There is an indescribable factor about some movies, that metrics just don't do justice. And although it's hard to measure this magical impact, money is the next best measurement. African-American audiences are among the most-frequent moviegoers, buying about a quarter of all domestic tickets annually! They may not always count us, but they will always count our dollars.
The already bonafide cult classic spiraled me into thought about other movies that have had a similar effect. I didn't know exactly where to start with this list, but after conversations with family and friends, I realized that there were countless movies that hit the big screen and had a huge impact on the culture - but didn't necessarily create that magic at the box office. This list consisted of movies like; School Daze; Mo Better Blues; Malcolm X; Do The Right Thing; The Color Purple; Harlem Nights; Coming To America; New Jack City; Boy's In The Hood; Friday; Poetic Justice; Eve's Bayou; and Love Jones.
After sifting through a plethora of movies that spanned several generations, I decided to narrow it down to some of my favorite movies that were released within the last 25 years; had a majority black cast; did exceptionally well at the box office opening weekend; and as a general consensus, most black people have seen.
1. Waiting to Exhale
I was only four years old when Forest Whitaker's directorial debut, Waiting to Exhale, was released, but I vividly remember the impact it had on black women everywhere. And my father assured me this was the first movie we all showed up for on release day. Not to mention, the movie had an all-star cast, with once-in-a-lifetime performances.
2. Straight Outta Compton
Skipping a few generations, and totally switching gears, F. Gary Gray's Straight Outta Compton was a smash hit at the box office. Not only was it the highest-grossing film domestically directed by a black filmmaker, it created a hype in the industry that didn't die out quickly, or quietly.
3. Get Out
Although Jordan Peele's Get Out didn't include a marjory black cast, the main character was black, and the impact it had on the types of deeper messages black films permeate within mainstream media was epic. It was smart, well-written, and on April 8th 2017, it beat out F. Gary Gray's Straight Outta Compton as the highest-grossing film domestically directed by a black filmmaker.
4. Bad Boy's
The world hasn't been the same since Will Smith and Martin Lawrence teamed up for Bad Boy's. It's opening weekend, the film was ranked number one, beating out movies like; Forest Gump; Major Payne; and Pulp Fiction.

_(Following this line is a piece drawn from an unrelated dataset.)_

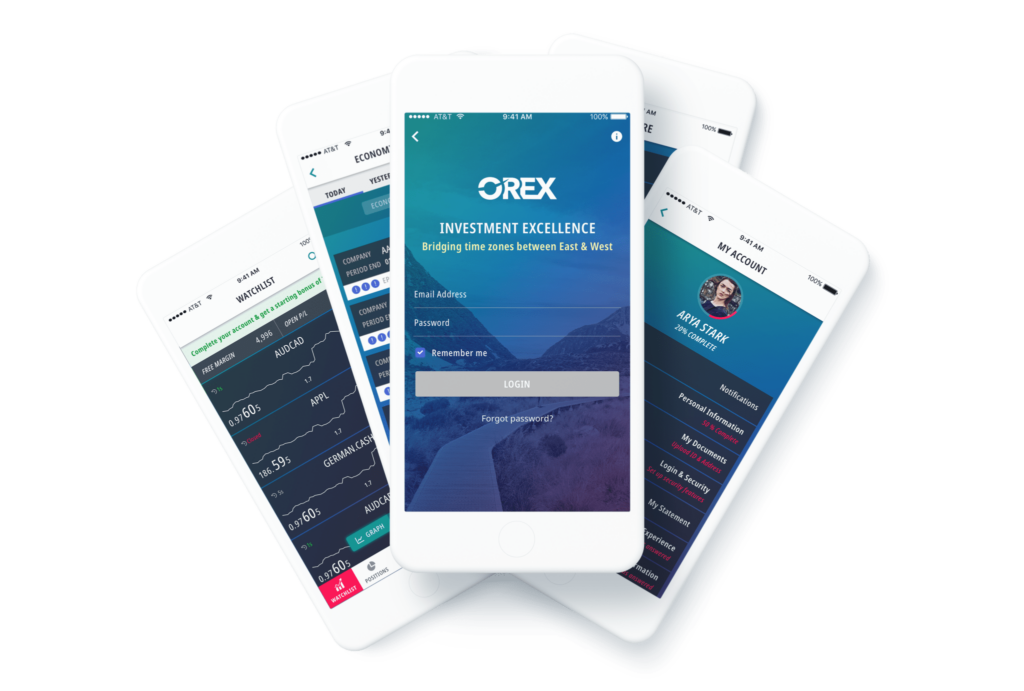 Orex mobile trading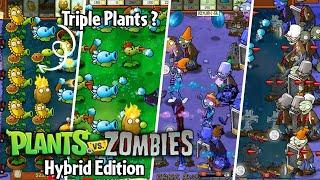 Plants Vs. Zombies Hybrid | PvZ Hybrid | Twin Plants & Even TRIPLE ? | Gameplay & Download #1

The follow-up film, Bad Boy's II, was also ranked number one it's opening weekend, grossing more than the original, and beat out movies such as; Charle's Angels: Full Throttle; Pirates of the Caribbean: The Curse of the Black Pearl; and The Matrix Reloaded.
5. Tyler Perry's Diary of a Mad Black Woman
While Diary of a Mad Black Woman wasn't necessarily a smash hit it's opening weekend, Perry's highly anticipated debut feature film sent the black [church-going] community into a frenzy. So much so, that the film, while still ranked number 4 it's opening weekend, beat out the likes of; Million Dollar Baby; Constantine; and Meet The Fockers. In addition to this, most black people have seen AT LEAST one Tyler Perry movie. I'm willing to bet money.
I know...I know, this list is missing so many movies it almost hurts. But each of these films, in my eyes, represents the power of representation in mainstream media. Each of these movies are so different, yet tell stories we can all relate to. They literally made going to the movies an unforgettable experience, both on-screen, and off.